Editorial: Fed up on Rikers: The city jail crisis cannot be solved from within. It’s time for a federal receiver

If the Rikers Island crisis is a raging fire, New York City, over the course of multiple mayoral administrations, has spent years essentially tuning out the alarm while letting the sprinklers run. This is an emergency, and it is time to break the glass and reach for our last resort: a receiver empowered to truly overhaul the misbegotten, mismanaged jails.

Federal monitor Steve Martin has diligently put out thorough reports, more than a dozen since his 2015 appointment, detailing rampant violence and chronic absenteeism and persistent management failures, under commissioner after commissioner, with very little improvement. Costs are higher than in any other large municipal jail system in America. Staff-to-inmate ratios are higher, too. City leaders are focused on the crisis. No matter: So entrenched is the dysfunction, the place can’t turn the corner.

Martin is an undisputed expert and his recommendations are eminently sensible, but recommendations that the city cannot or will not carry out are frankly not worth the paper they’re printed on. All the while, New Yorkers are being grievously harmed or killed; 16 inmates died last year, with three deaths so far this year. Correction officers are both well-meaning, hardworking victims of a broken system where detainees run amok and themselves part of the problem, as their union prevents reforms and defends mass sickouts.

A letter sent this week by Manhattan U.S. Attorney Damian Williams to the federal judge overseeing the settlement displays the clear exasperation of having watched years of promises go unfulfilled, and for the first time lends the federal prosecutors’ support for putting the system into receivership.

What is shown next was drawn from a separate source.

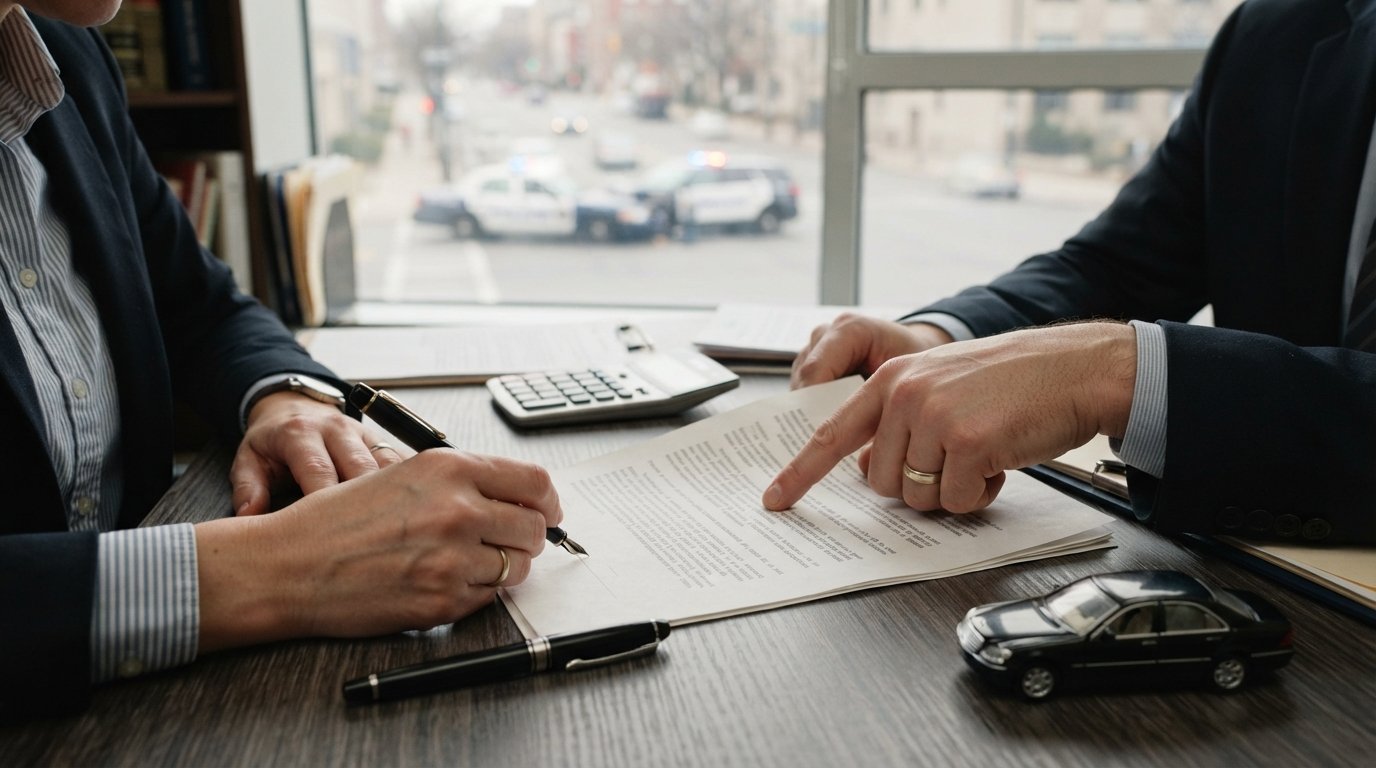 Hand signing a document with a pen while another hand points to a contract clause on a wooden desk with a calculator and…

We don’t take lightly the idea of city voters, and Mayor Adams, effectively losing control over a major piece of municipal government. But a court-appointed official would be uniquely empowered to rewrite nonsensical rules, restructure existing union contracts and make the place reasonably safe for detainees and correction officers alike.

At this point, that bold stroke seems like the only thing that can put out the fire. Break the glass and get the hose.